The venue change didn’t bother Oceanside Collegiate at all. The 2024 2A state champion Landsharks took out Clinton 6-0 to win the 2025 3A championship, the boys team’s fifth straight state title.


“We’re very lucky that our team is able to compete in different classes, 1A, 2A, 3A, we’ve been all over the map,” Head coach Alex Lazano said. “I’m just very lucky to have such good players that will allow us to succeed at any level.”


Among those players is Coach Lazano’s son, No.1 player Alex Lazano, who defeated Nathan Meade.

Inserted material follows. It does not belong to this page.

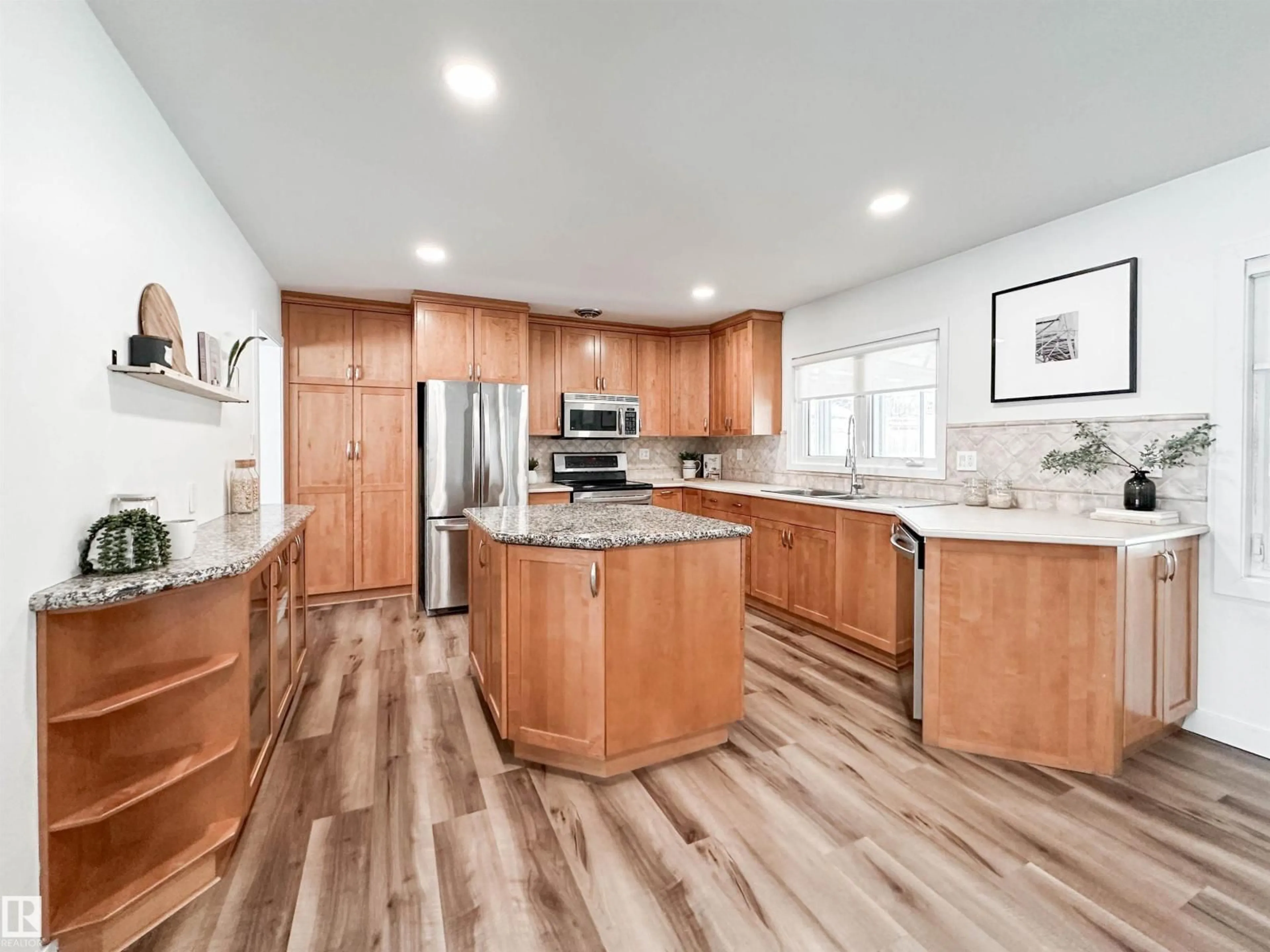 Open concept kitchen, unknown for 4 BALMORAL DR, St. Albert Alberta T8N0B8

“Proud dad moment, he’s going to go play for The Citadel,” Lazano said. “He’s won four straight high school championships. A lot of boys underneath him have won two or three state championships, and all the boys are working hard and competing. We’ve seen them from freshman all the way through graduation.”


Behind Lazano’s son were No.2 Luke Skillman, who defeated Edwin Orr; No.3 William Claus, who defeated Matthew King; No.4 Oliver Pfarr, who defeated Jacob King; and No.5 Huck Reynolds, who defeated Cooper Stinson.


The No.2 doubles team of Carter Heath and Helms Sandel rounded out the victory by defeating Jake Meyerholz and Malakye Brewer.

The success of the Landsharks’ tennis program–the girls team has won three state championships–moves the team forward, Lazano said.


“It’s a tradition,” he said. We’ve had I think four or five more others who have moved on and are playing college tennis right now. That’s a big draw for those guys to see that and fill in the spaces.”


For Clinton, a 2A school that competed among 3A teams all year, just reaching the final match of the year is a testament to the players’ hard work, Red Devils head coach Clovis Simmons said. 


“We were put in with 3A this year and that was kind of a shock, but I used it and told the guys that we’ll just have to be the 2A team that makes it the longest distance and hopefully win the 3A bracket,” Simmons said. “We fell short but at least we were here.”